# i want to gain my cockatiel's trust



## fructosefather (Sep 9, 2018)

i just recently got a cockatiel (i named him Pickle) from a local pet store. unfortunately, the employee there had no idea of the cockatiel's age or gender, (i regret not asking more questions) so i just assumed it was a he because of how small he was and the band being on his right foot. i asked my parents if i could take him to the vet for annual checkups and finding out the actual gender, but they were not willing to do so. 
it's been a week since he's been here and he's still very timid when i'm near him. however, he's been feeling more comfortable with eating while i'm in the room. i am able to feed seeds and other food through the cage bars but if i stick my finger in, he tends to bite me. he does hiss at me and back away into the back of the cage quite often when i stick my hand in the cage and change the food bowls out. sometimes he panics when i come near him, not all the time, but frequent flapping and climbing around the cage. other times, he chirps (or screams?) at random points in the day. from youtube videos i've seen it kind of sounds like a flock call.
i've tried to pay attention to his body language but most of the time, i don't really understand how he's feeling. i'm starting to worry if he's a not friendly bird or if he needs more time to get used to the environment. i sit by his cage every day while i do my work and sometimes i eat near him so he gets used to my presence, but even after doing all that he's still scared. 
please offer any advice or tips for me, i am a new bird owner and i want my bird to trust me and become friends with me. thank you.


----------



## Panther195 (Aug 30, 2018)

How long have you had him?


----------



## fructosefather (Sep 9, 2018)

i’ve had him for a week


----------



## Vickitiel (Oct 10, 2012)

Don't worry - your new 'tiel is still settling in to his new environment and this can make them skittish and frightened. He will warm up to you eventually. You are doing a great job so far. Move your hands and fingers very slowly when you are near him, he should be less afraid and less likely to bite this way.
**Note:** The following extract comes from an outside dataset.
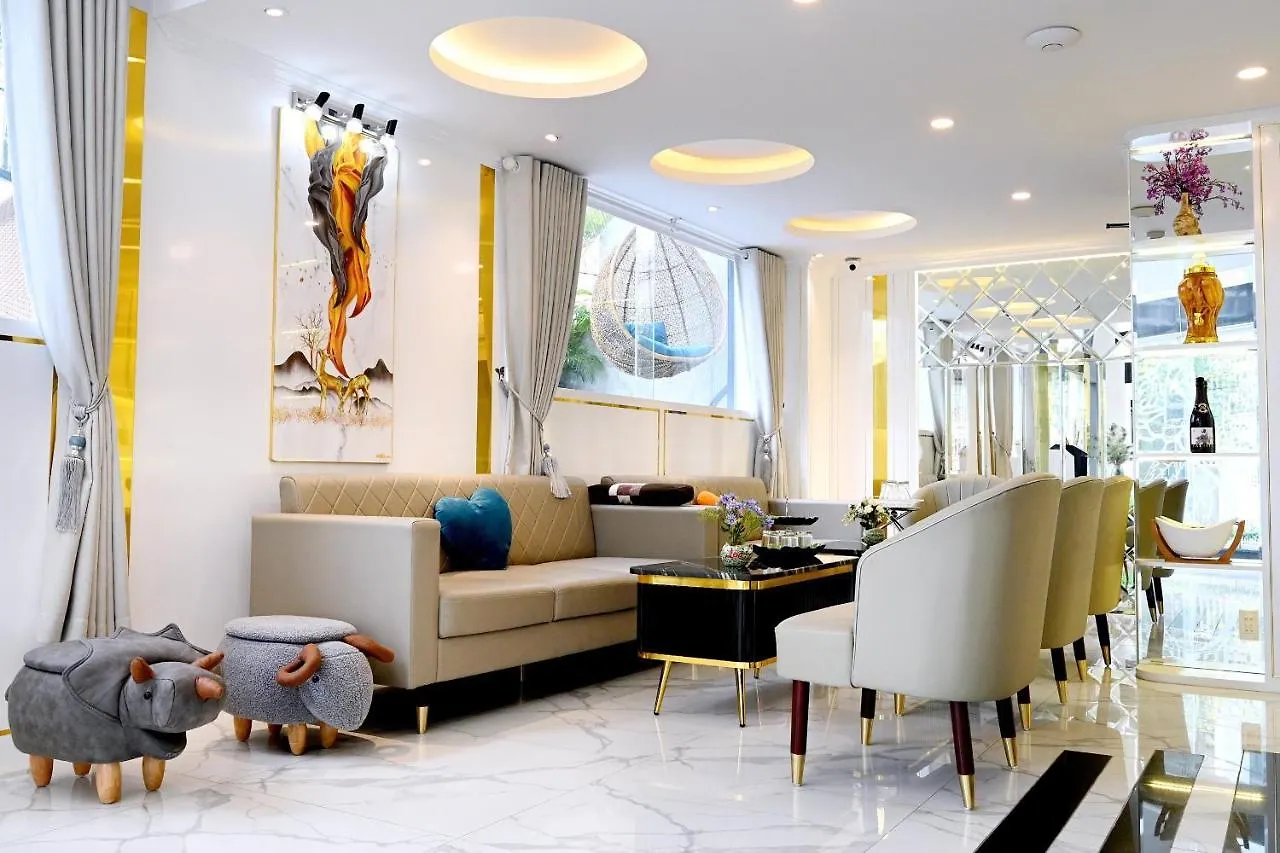 Ten Dollars Hotel Nha Trang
Here is a short thread with a bit of info about bringing a new bird home.

This Sticky article talks about food bribery, a great way to get your 'tiel to associate your hands/fingers with a positive experience.

This thread also has a few helpful tips.


----------



## fructosefather (Sep 9, 2018)

thank you so much, this was really helpful!!


----------



## Vickitiel (Oct 10, 2012)

You're welcome, I'm glad I could help, please don't hesitate to post about any other questions or concerns you have.


----------